Katadata/Metta Dharmasaputra
Suasana di Xinjiang International Grand Bazaar, Urumqi, Xinjiang, Tiongkok. Guru Besar Hukum Internasional UI Hikmahanto Juwana meminta RI mengambil sikap tegas lantaran persoalan di Xinjiang ini telah menjadi isu internasional.
18/12/2019, 14.35 WIB

Pemerintah diminta bersuara lantang terhadap kabar kekerasan yang dilakukan pemerintah Tiongkok terhadap suku Uighur. Guru Besar Hukum Internasional Universitas Indonesia Hikmahanto Juwana meminta RI mengambil sikap tegas lantaran persoalan di Xinjiang ini telah menjadi isu internasional.

Hikmahanto menjelaskan pemerintah dapat menunjukkan protes dengan membatasi hubungan ekonomi dengan Tiongkok. Contohnya membatasi pinjaman dan investasi dari Negeri Panda tersebut.

“Mengingat Indonesia adalah pasar potensial bagi pemerintah dan pelaku usaha Tiongkok,” kata Hikmahanto dalam keterangan resmi, Rabu (18/12).

(Baca: Uighur Jadi Target Peretasan, Manfaatkan Kelemahan Iphone)

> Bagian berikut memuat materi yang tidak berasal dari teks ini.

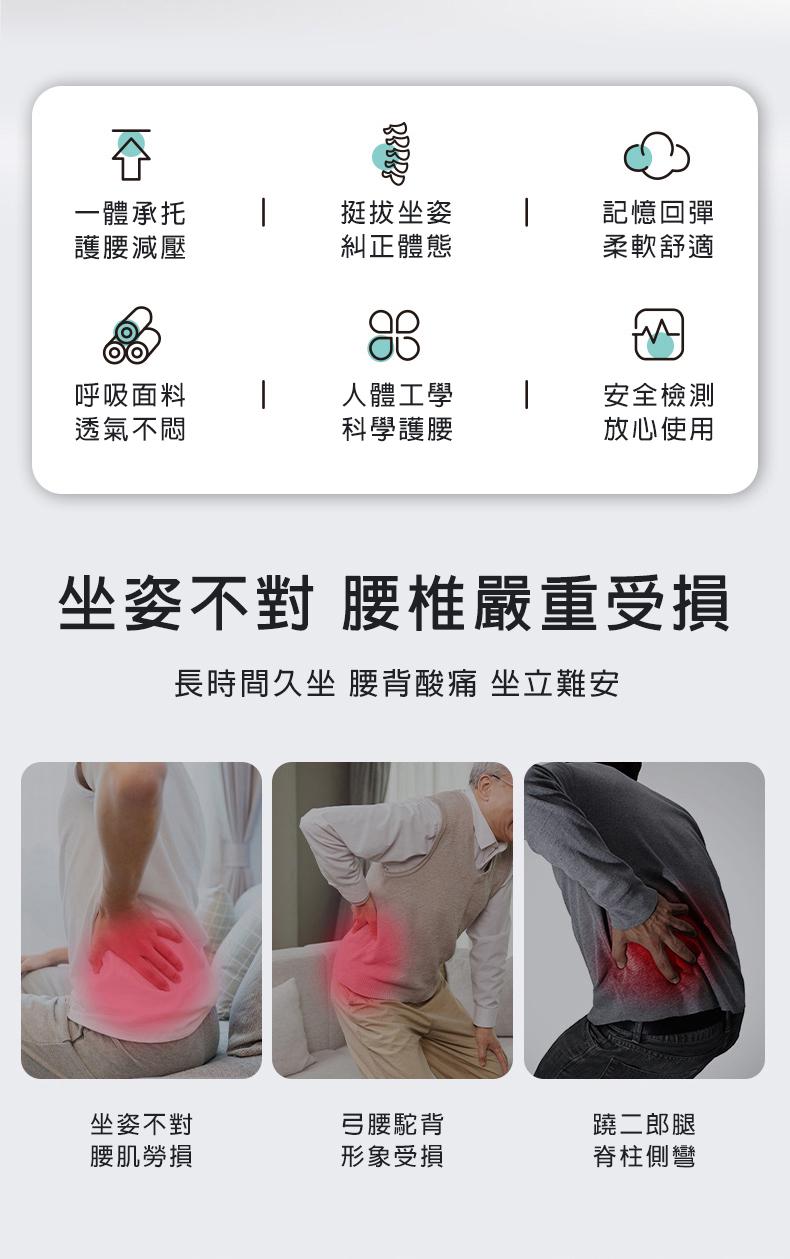 一體承托，挺拔坐姿，護腰減壓，糾正體態，記憶回彈，柔軟舒適，呼吸面料，人體工學，安全檢測，透氣不悶，科學護腰，放心使用，坐姿不對 腰椎嚴重受損，長時間久坐 腰背酸痛 坐立難安，坐姿不對，弓腰駝背，蹺二郎腿，腰肌勞損，形象受損，脊柱側彎。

Selain itu pemerintah perlu menggandeng Gerakan Non Blok (GNB) untuk menekan Tiongkok agar menghentikan kekerasan terhadap minoritas Uighur. Hikmahanto juga menyarankan persoalan ini dibawa ke Dewan Hak Asasi Manusia di Perserikatan Bangsa-Bangsa.

“Meminta adanya sidang darurat mengingat Indonesia adalah anggotanya,” kata Hikmahanto.

Duta Besar Tiongkok untuk RI Xiao Qian telah bertemu dengan Kepala Staf Kepresidenan Moeldoko di Bina Graha, Jakarta, Selasa (17/12). Dalam pertemuan tersebut Dubes Qian membantah adanya tindakan represif terhadap minoritas Uighur.

Dia mengatakan pemerintah Tiongkok memerangi radikalisme dan terorisme d wilayah Xinjiang. Tak hanya itu, dia juga mengajak masyarakat RI berkunjung langsung guna melihat kondisi suku Uighur di sana.

“Silakan jika ingin berkunjung, beribadah, dan bertemu dengan masyarakat Uighur,” katanya.

(Baca: Tiongkok Larang Tulisan Arab dan Logo Halal di Pertokoan dan Restoran)

Adapun Moeldoko mengatakan persoalan Uighur di Xinjiang merupakan masalah internal Tiongkok. Dia menjelaskan perkembangan teknologi acapkali membuat pemerintah sulit menangkal maraknya hoaks.